Réduction de l’autonomie en cas de froid intense
Lorsque les températures baissent, parfois jusqu’à -15 °C, l’autonomie des voitures électriques, conçue pour des températures entre 20 °C et 35 °C, peut considérablement diminuer. Des études rapportent une perte d’autonomie allant jusqu’à 20 % à 30 % pour les modèles récents, et jusqu’à 40 % lorsque le chauffage ou le dégivrage sont fortement sollicités, comme le souligne le journal Le Figaro.
Par exemple, une conductrice a constaté que sa BMW i3 est passée de 190 km à 130 km d’autonomie lorsque les températures sont descendues en dessous de zéro. De même, des modèles tels que la Renault 5 E-Tech et la Tesla Model Y voient leur autonomie diminuer respectivement de 80 à 120 km et de 120 à 180 km. Les voitures plus anciennes, dépourvues de pompes à chaleur ou de gestion thermique avancée, comme la Citroën ë-C3, voient leur rayon d’action réduit de 60 à 80 km.

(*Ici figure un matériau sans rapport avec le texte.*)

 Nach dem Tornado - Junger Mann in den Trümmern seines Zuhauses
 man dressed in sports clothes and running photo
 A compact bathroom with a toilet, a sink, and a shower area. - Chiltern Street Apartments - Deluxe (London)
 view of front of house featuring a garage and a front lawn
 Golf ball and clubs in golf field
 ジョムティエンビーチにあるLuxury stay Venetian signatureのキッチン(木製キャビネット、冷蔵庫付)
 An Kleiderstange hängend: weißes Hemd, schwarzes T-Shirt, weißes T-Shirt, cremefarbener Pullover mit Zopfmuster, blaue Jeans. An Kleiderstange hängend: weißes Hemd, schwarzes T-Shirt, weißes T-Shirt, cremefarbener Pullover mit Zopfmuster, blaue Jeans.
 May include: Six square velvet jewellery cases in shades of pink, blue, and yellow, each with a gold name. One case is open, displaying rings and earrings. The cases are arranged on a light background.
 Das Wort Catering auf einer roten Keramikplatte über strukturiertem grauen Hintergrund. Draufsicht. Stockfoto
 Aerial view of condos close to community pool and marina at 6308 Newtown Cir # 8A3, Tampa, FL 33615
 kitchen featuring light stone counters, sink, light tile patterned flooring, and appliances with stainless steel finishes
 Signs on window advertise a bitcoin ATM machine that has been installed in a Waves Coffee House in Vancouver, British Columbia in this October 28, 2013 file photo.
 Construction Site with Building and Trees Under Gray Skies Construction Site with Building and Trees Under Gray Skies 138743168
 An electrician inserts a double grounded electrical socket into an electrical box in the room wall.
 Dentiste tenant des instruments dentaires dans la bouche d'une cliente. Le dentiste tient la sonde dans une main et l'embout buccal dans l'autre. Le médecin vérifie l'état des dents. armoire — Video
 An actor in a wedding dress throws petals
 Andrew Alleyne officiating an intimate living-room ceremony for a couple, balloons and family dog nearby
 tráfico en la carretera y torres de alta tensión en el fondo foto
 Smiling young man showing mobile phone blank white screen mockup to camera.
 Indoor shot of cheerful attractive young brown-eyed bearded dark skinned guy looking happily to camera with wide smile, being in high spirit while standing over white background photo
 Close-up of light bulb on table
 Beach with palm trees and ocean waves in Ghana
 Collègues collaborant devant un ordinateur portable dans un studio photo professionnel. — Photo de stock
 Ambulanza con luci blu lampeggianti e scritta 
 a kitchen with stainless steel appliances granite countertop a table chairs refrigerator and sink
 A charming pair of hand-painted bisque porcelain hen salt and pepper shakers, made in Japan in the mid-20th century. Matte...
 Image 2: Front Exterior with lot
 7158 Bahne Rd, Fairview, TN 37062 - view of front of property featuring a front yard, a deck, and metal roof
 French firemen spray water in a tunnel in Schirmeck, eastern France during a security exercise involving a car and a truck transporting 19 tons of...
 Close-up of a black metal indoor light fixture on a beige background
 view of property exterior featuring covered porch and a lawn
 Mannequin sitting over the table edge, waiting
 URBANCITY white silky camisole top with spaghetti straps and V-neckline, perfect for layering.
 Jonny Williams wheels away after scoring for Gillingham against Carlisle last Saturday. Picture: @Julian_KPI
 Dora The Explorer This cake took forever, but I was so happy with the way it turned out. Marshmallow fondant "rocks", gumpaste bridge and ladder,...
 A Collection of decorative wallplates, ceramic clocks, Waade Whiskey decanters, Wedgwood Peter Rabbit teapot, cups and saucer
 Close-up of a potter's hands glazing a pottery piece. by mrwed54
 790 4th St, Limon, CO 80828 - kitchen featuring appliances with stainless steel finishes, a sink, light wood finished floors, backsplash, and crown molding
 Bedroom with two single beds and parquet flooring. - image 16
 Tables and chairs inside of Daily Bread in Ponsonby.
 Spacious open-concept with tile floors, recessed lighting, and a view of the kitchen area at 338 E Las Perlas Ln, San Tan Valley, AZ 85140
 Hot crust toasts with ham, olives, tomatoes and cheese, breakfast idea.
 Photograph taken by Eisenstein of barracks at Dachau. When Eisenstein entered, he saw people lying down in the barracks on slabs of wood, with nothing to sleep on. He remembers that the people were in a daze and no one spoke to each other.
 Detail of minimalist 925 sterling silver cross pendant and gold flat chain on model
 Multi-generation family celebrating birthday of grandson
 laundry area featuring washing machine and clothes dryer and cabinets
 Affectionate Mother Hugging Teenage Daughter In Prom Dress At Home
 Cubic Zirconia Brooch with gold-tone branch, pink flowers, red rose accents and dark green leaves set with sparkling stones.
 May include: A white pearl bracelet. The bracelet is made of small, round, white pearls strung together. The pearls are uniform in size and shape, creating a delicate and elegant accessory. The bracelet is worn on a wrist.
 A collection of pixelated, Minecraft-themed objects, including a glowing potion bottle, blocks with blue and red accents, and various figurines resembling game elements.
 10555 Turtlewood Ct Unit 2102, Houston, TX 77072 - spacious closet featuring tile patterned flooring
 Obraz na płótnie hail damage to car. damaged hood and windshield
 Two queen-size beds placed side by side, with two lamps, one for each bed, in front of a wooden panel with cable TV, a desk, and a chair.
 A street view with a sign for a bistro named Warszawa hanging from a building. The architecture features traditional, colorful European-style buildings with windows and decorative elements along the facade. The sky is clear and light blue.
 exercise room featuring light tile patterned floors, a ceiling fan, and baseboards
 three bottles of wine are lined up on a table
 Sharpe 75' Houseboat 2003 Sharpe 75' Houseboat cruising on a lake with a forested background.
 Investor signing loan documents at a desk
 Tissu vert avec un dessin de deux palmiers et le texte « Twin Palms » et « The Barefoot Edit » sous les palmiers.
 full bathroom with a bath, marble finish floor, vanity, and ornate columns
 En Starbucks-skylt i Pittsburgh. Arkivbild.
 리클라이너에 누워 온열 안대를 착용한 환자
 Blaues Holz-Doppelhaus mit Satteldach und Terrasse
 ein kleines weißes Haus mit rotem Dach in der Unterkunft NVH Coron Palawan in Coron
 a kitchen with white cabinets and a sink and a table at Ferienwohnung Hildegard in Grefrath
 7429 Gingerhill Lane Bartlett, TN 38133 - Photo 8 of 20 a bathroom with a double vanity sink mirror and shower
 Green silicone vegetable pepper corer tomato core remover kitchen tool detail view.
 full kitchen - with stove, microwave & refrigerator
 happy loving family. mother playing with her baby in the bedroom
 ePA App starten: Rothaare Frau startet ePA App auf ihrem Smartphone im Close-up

Les raisons techniques de cette baisse d’autonomie
Les accumulateurs lithium-ion, au cœur des voitures électriques, montrent leurs limites en hiver, tout comme les systèmes anti-surchauffe en été. Le froid ralentit les réactions chimiques internes, réduisant la capacité de la batterie à fournir son énergie maximale. De plus, il est nécessaire de consommer de l’énergie pour maintenir la batterie à une température de fonctionnement et pour chauffer l’habitacle ou dégivrer les vitres, ce qui augmente la consommation d’énergie.
Les bornes de recharge, conçues pour fonctionner jusqu’à -30 °C (selon les spécifications), voient leur efficacité diminuer en cas de gel. Pour une recharge optimale, il est souvent nécessaire de préchauffer la batterie, ce qui allonge le temps d’immobilisation du véhicule. Il est donc crucial d’anticiper ses trajets et de planifier la recharge, en maintenant une marge de sécurité de 20 % de charge résiduelle à l’arrivée.